PeteHaitch commented 3 years ago

Hi Hervé,

It's been a while since I thought about this. The model in my head involves workers that read input files (e.g., BAM files, CSV files, etc.) and process them (e.g., filtering, selection, aggregation, etc.) and then either:

  1. Write directly to the RealizationSink. This would need to be done serially (like my above attempt using mutexs) unless the backend supported concurrent writing. I envisioned this would be a single, shared RealizationSink but from the discussion here it sounds difficult/impossible for an in-memory RealizationSink and from https://github.com/Bioconductor/BiocParallel/issues/126 it sounds like there are challenges even for an on-disk RealizationSink.
  2. Pass the processed data back to a 'manager' that writes to the single RealizationSink. This incurs the cost of data transfer between worker and manager (and potential memory blowups if multiple workers return data to the manager concurrently) but ensures the writing to the RealizationSink is serial.
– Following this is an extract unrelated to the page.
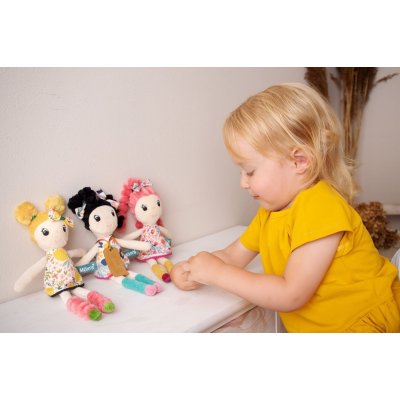 Moms Care Látková panenka - Laura - obrázek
I think it's fair to say (1) would be preferable.

The 'one RealizationSink per block' approach is obviously viable, but I hoped/envisioned that it would be a single, shared RealizationSink mostly because I'd like to avoid having to do the extra (and in my case, expensive) realize() on the data before it's 'saveable' (e.g., with saveHDF5SummarizedExperiment()).

With some data types (like the whole-genome bisulfite-sequencing data handled by bsseq), this initial data ingestion/processing can be quite expensive (as is the writing to disk of these large datasets) and so you really only want to do this once and then be able to load the saved object for downstream analyses.